At a time when thousands of Hondurans end up detained by U.S. border agents after crossing the Rio Grande, the country is joining McAllen’s “Embassy Row” when it opens a new diplomatic outpost in the border city, according to The Brownsville Herald.
The newspaper said that since Oct. 1, Border Patrol agents in the Rio Grande Valley Sector arrested roughly 20,000 Honduras who entered the United States illegally.
The Guatemalan government also has a consulate in McAllen, the largest city in the Valley, a 120-mile-wide region that is the deepest portion of southern Texas along the Mexico border.
According to the Herald, the reason Honduras felt compelled to open a new consulate in the region is due to the significant uptick in arrests and deportations of Hondurans.
Unlike Mexicans, other nationals don't have the option to sign "voluntary departure" forms and be swiftly deposited back on the Mexican side of the border. Non-Mexicans have to be formally processed for deportation, a process involving the diplomatic intervention of their home governments, who have to officially accept deportees from the U.S.
Besides McAllen, Honduras also is opening another diplomatic outpost in Dallas, the newspaper quoted Karol Escalante, an official at the Honduran Embassy in Washington, as saying.
Diplomats from Honduras, Guatemala and Honduras assigned to the region certainly have their hands full.

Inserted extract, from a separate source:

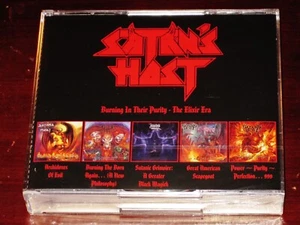 Satan's Host: Burning In Their Purity - The Elixir Era 5 CD Box Set 2020 UK NEW - Imagen 1 de 2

Deportation requires that countries of origin provide identification and travel documents.
The newspaper noted that in the last fiscal year, the Rio Grande Valley Sector had nearly 100,000 arrests, 50 percent of which involved nationals from countries other than Mexico, or "OTMs," primarily from Central American countries.
“Central Americans have always represented the largest population group of OTMs other than 2006, when we had an influx of Brazilian nationals here,” said Rosendo Hinojosa, chief of the Border Patrol's Rio Grande Valley sector.
“We’ve already apprehended more OTMs this year than we did the entire year last year,” Hinojosa said.
Guatemala opened a consulate in the area in 2011.
“A lot of people from Guatemala use this border to cross and enter the United States,” said Alba Caceres, the Guatemalan consul in McAllen.
The newspaper said that in the last calendar year, the Guatemalan consulate processed almost 11,000 travel documents for deportations and made arrangements for the remains of 29 dead migrants to return home.
“With about 10,500 travel document requests and 22 deaths during the past six months, both numbers could double, if the pace does not slow,” the newspaper said.
McAllen Mayor Jim Darling said that local consulates can help the city build ties with Central America.